# SQL Escape Probleme



## Erbsenmann (19. März 2008)

Beim Testen des Charakterplaners mit Kaz'rogals gehärtetes Herz ist mir aufgefallen, das wohl ein Eintrag im Suchfeld nicht richtig escaped wird. Könnte eventuell für SQL Injections ausgenutzt werden.

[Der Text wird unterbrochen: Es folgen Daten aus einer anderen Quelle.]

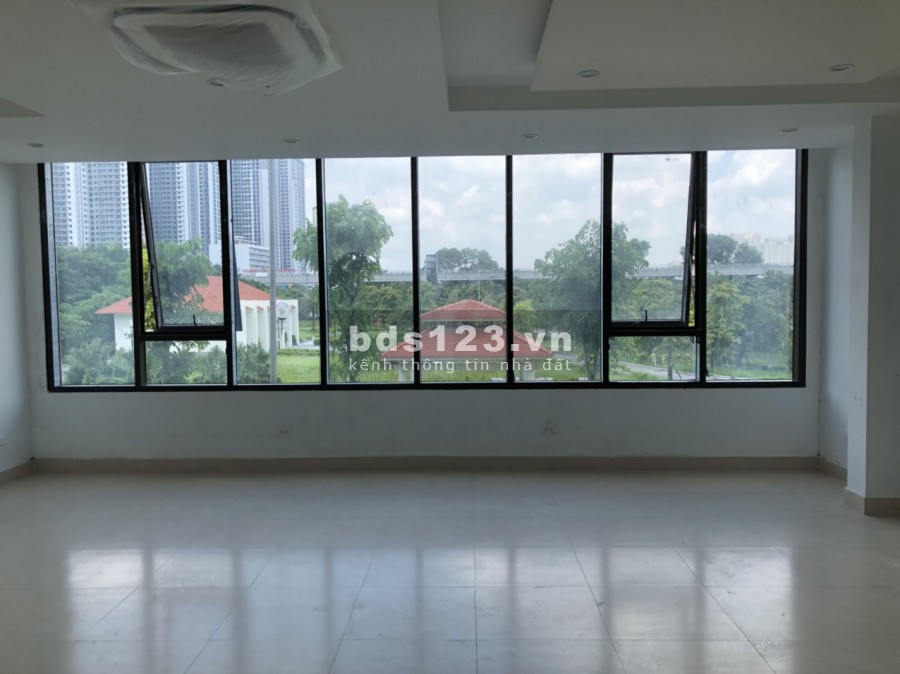 Cho thuê nguyên căn 7 tầng, cạnh công viên Mai Dịch, đường 32, đường trên cao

> sql_error: You have an error in your SQL syntax; check the manual that corresponds to your MySQL server version for the right syntax to use near 'rogals gehärtetes Herz%' AND ((items.PvPRank1-4)<=1 OR items.PvPRank1=0) AND Req' at line 1
> SELECT gp.color Color, gp.ench_id EnchID, items.*, items.de_ItemName ItemName, items.de_ItemDescription ItemDescription, items.de_ClassName as ClassName, items.de_SubClassName as SubClassName, items.de_SkillName as SkillName, items.de_RequiredSpellName as RequiredSpellName, items.de_ItemSetName as ItemSetName, items.de_FactionName as FactionName, items.de_SpellDesc1 as SpellDesc1, items.de_SpellDesc2 as SpellDesc2, items.de_SpellDesc3 as SpellDesc3, items.de_SpellDesc4 as SpellDesc4, items.de_SpellDesc5 as SpellDesc5 FROM own_joineditems items LEFT JOIN dbc_GemProperties gp ON gp.id = items.GemPropertyID WHERE (items.Class = 2) AND (Classes & 1)>0 AND (SubClass = 0 OR SubClass = 1 OR SubClass = 2 OR SubClass = 3 OR SubClass = 4 OR SubClass = 5 OR SubClass = 6 OR SubClass = 7 OR SubClass = 8 OR SubClass = 10 OR SubClass = 13 OR SubClass = 14 OR SubClass = 15 OR SubClass = 16 OR SubClass = 17 OR SubClass = 18 OR SubClass = 20) AND de_ItemName LIKE *'%Kaz'rogals gehärtetes Herz%'* AND ((items.PvPRank1-4)<=1 OR items.PvPRank1=0) AND RequiredLevel <= 70 AND ItemLevel >= 40 ORDER BY DPS DESC, Quality DESC, ItemLevel DESC LIMIT 0, 20


----------



## Beowolve (19. März 2008)

Funktioniert jetzt, danke für den Hinweis


----------



## Erbsenmann (20. März 2008)

Wunderbar.Ein richtig schönes Tool habt ihr da gebaut.


----------